*** Opening of GIVEN INFORMATION ***
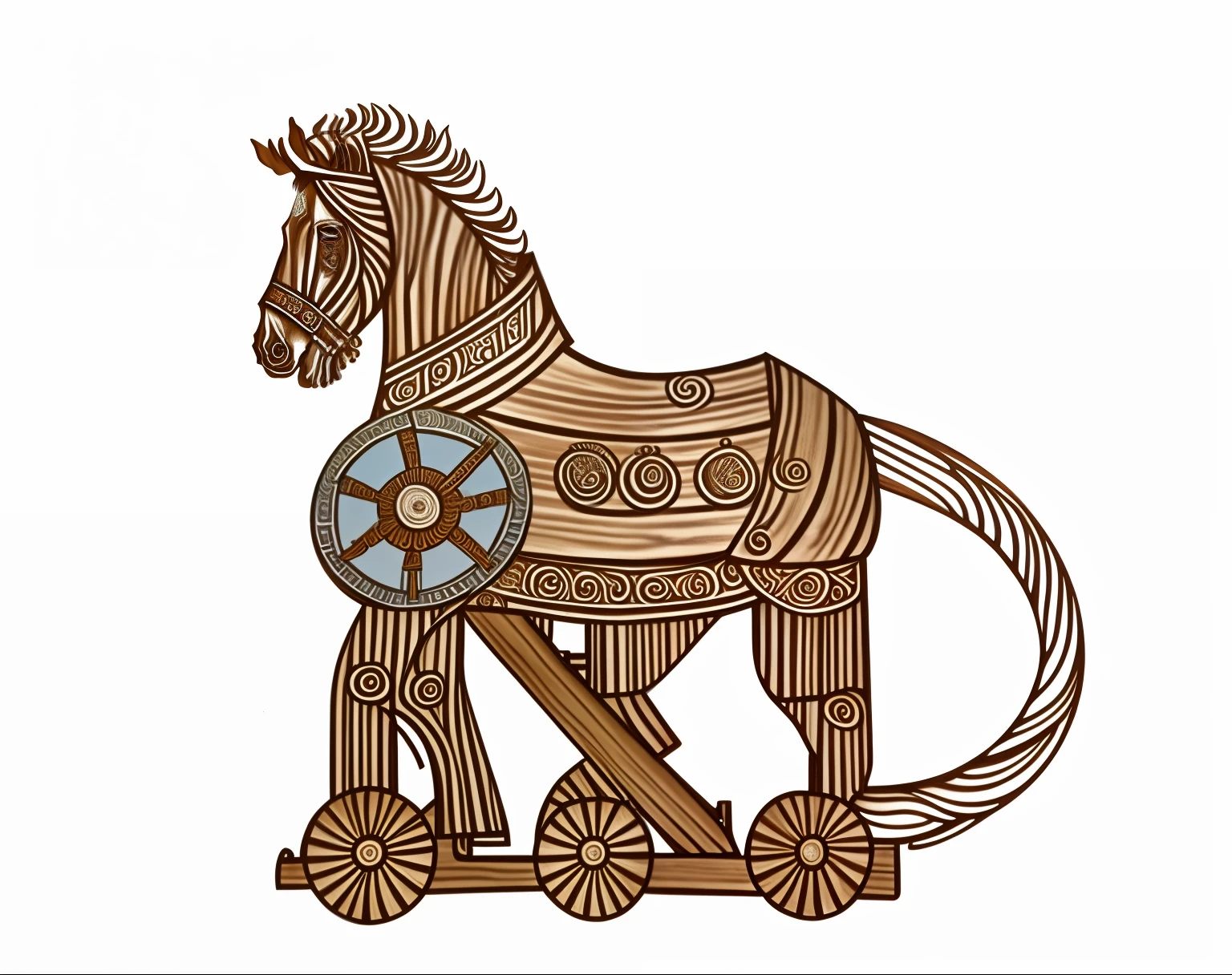 There is a wooden horse，There is a wooden wheel on it, Trojan War, sleipnir, chariot, centaur horse, cavalos, centaur horse, toy design, author：Sigrid Yälten, anthropomorphic horse, Wooden, centaur, a wooden log, centaur from greek mythology, author：Jorgan Nash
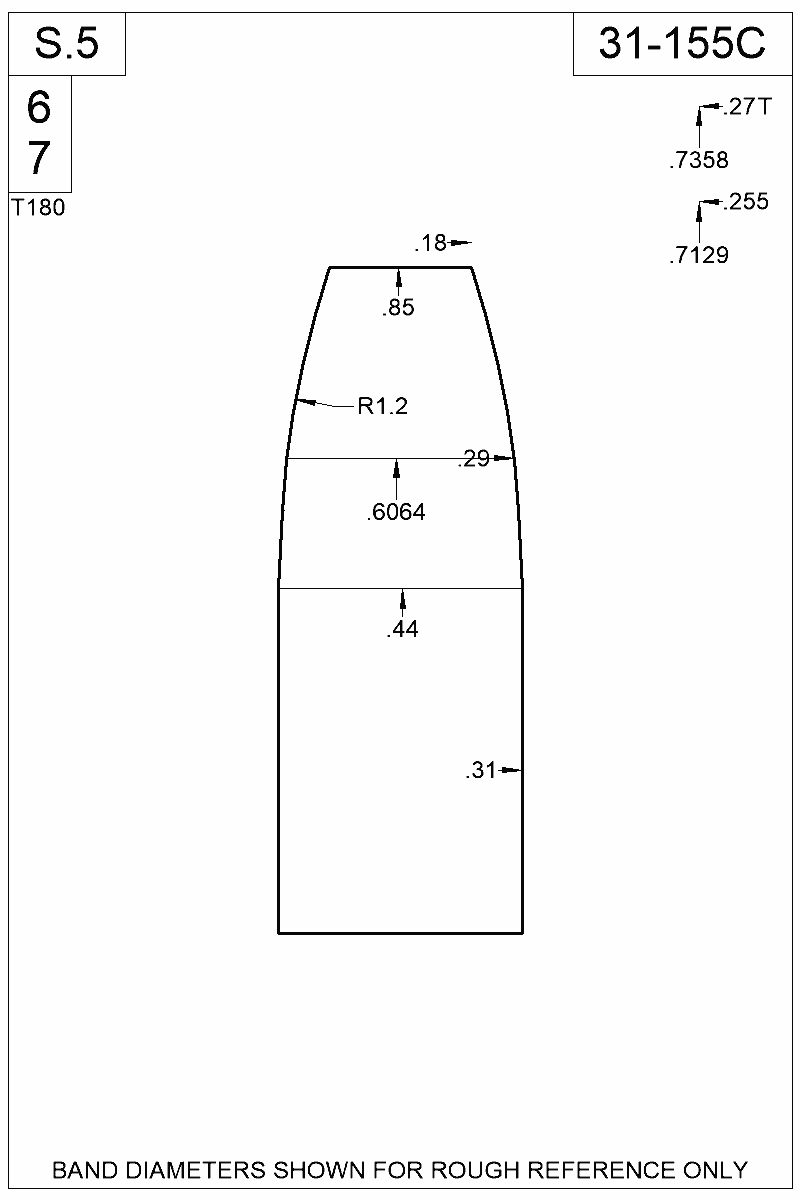 Dimensioned view of bullet 31-155C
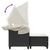 Garden Sofa 2-Seater with Canopy and Stools Black Poly Rattan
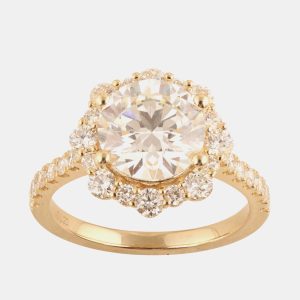 3.45ct 14k Yellow Gold Lab Grown Diamond Engagement Ring, Rings - Luxury Closet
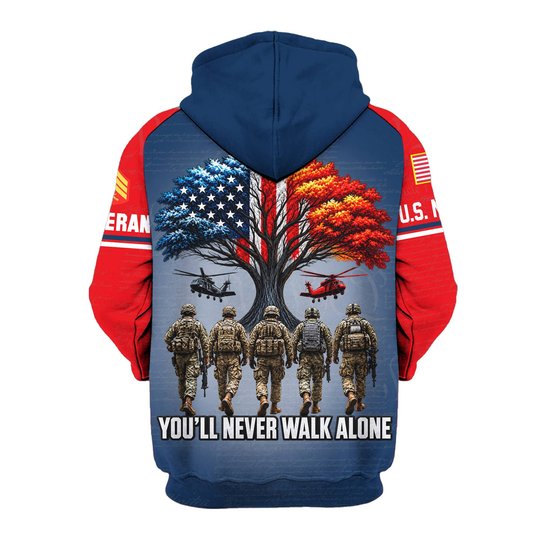 Premium Custom USMC Zip Up Hoodie VPVC609533, Gifts For Marine Veteran, Gifts For Veterans Day.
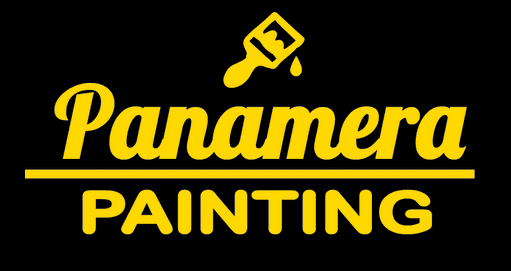 This is an image from Panamera Painting, located in Washington. The logo for Panamera Painting features bold yellow script text paired with a paint brush icon and a single drip on a black background, representing the painting company.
*** Close of GIVEN INFORMATION ***
Retype the lines exactly as they appear, beginning with the line that contains "Premium Custom USMC" and ending with the final line of the entries, and omit the pictures.

:: EXERCISE RESULT ::
 Premium Custom USMC Zip Up Hoodie VPVC609533, Gifts For Marine Veteran, Gifts For Veterans Day.
 This is an image from Panamera Painting, located in Washington. The logo for Panamera Painting features bold yellow script text paired with a paint brush icon and a single drip on a black background, representing the painting company.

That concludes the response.